Revenons au sujet du Mexique. Je ne pense pas que ce sont juste des rumeurs. La vérité a un autre son.
Ill est bien dit : « du dit au fait il y a beaucoup de chemin ».
A propos des Catalans, que nous soucie ce qu’ils chantent ? Nous nous soucions d’abord du nôtre. Pour ce qui est d’aller au front, qu’y aille celui qui veut se suicider. Pour nous le problème qui se pose est de savoir combien nous serons séparés en France. Tu ne dois plus dire qu’il n’y a pas de remède. Maintenant, est ce que nous sommes. Je pense aussi beaucoup à mes parents. Si ceux de Valencia ne répondent pas à ta lettre, comme ils n’ont pas encore répondu aux nôtres que nous avons envoyés à la « Escolastica », nous écrirons encore. Toi, tu attends, tu me dis que les garçons m’écriront la prochaine fois. Je serais reconnaissant pour leurs lettres.
Cher fils Sebastian. Même si c’est avec beaucoup de retard (pour l’avoir reçue aujourd’hui seulement), je réponds à ta lettre du 5 mai.
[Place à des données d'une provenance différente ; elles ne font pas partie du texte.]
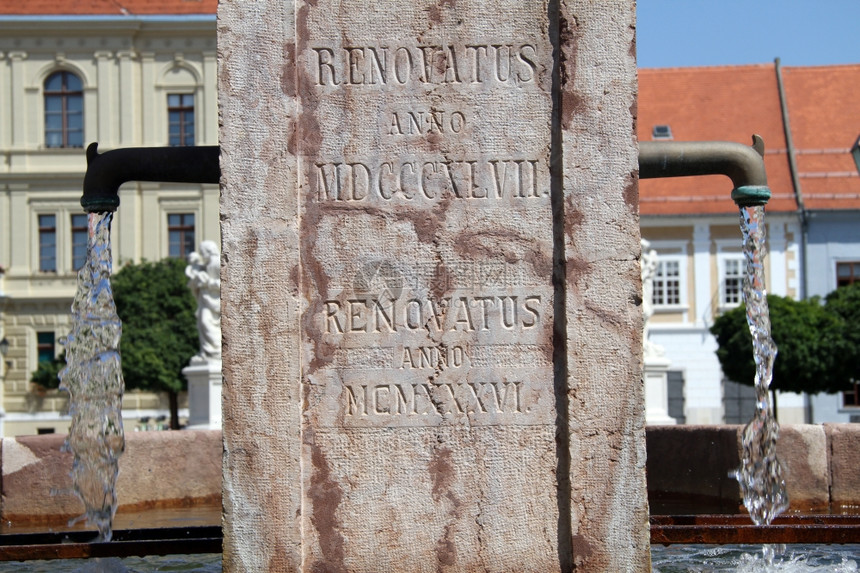 克罗地亚Osijek喷泉的两个水龙头和大理石图片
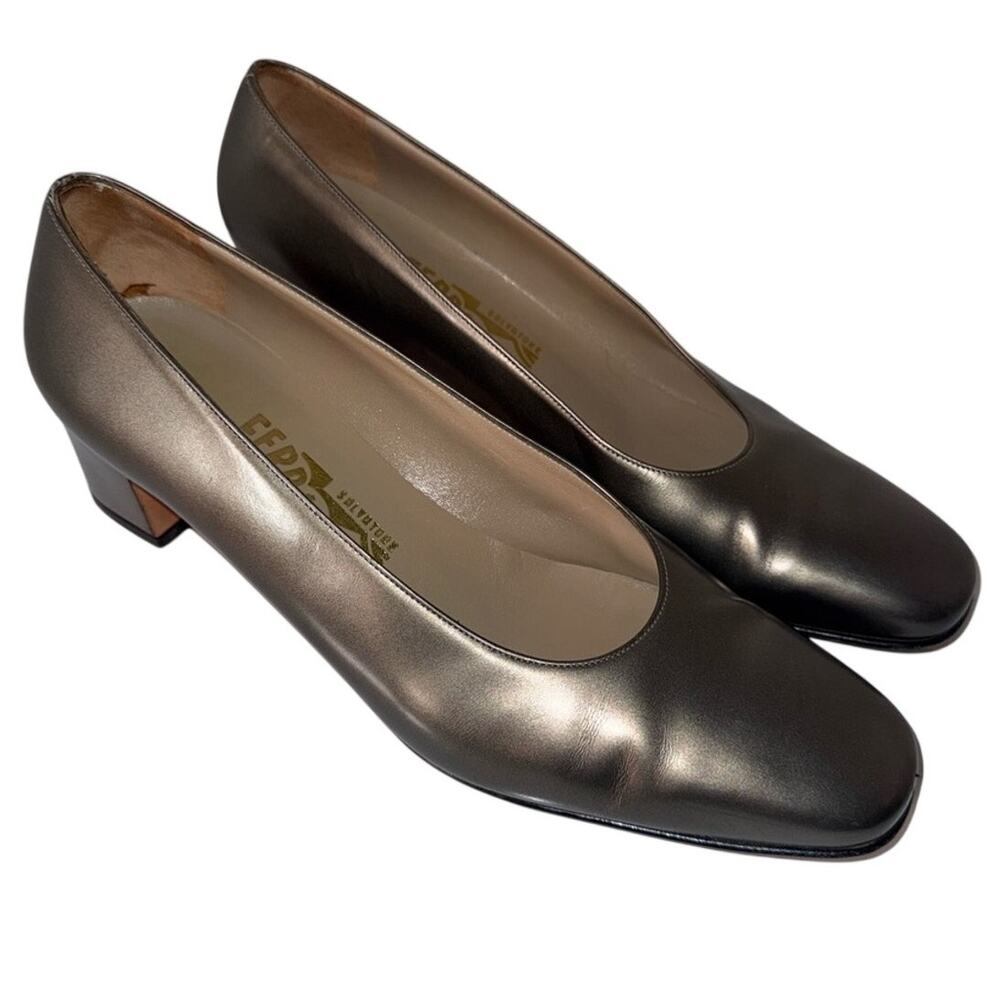VINTAGE SALVATORE FERRAEGAMO metallic classic block interview outfit heel 9.5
Je suis très reconnaissant de savoir que tu es très courageux dans ta tâche, que tu donnes des leçons à tes frères et que du as soin d’apprendre le français, savoir que tu as la volonté d’étudier est pour moi la plus grande des joies. Apprenez tant que vous le pouvez, le savoir ne pèse pas. Quand je serai avec vous, je vous donnerai des leçons qui vous serviront. Je suis très content de toi, mais je vais te faire une remarque : la lettre que tu m’écris contient pas mal de fautes. Ne cours pas et tout ira bien pour toi.
Tu me dis que tu veux travailler ici, avec nous tous. Ne sois pas si pressé que le jour viendra où nous travaillerons ensemble et je vous donnerai tout ce que je peux pour votre bien. C’est clair comme la lumière du jour.
Pour terminer, je vous conseille de ne pas apprendre à jouer aux cartes. Avec elles on apprend à voler et à tuer. Ses figures le disent très clairement.

Bâtons : frapper
Coupes : boire
Epées : tuer
Or : voler

Marcelino Sanz Matéo

Cartes espagnoles : bâtons, coupes, épées, or.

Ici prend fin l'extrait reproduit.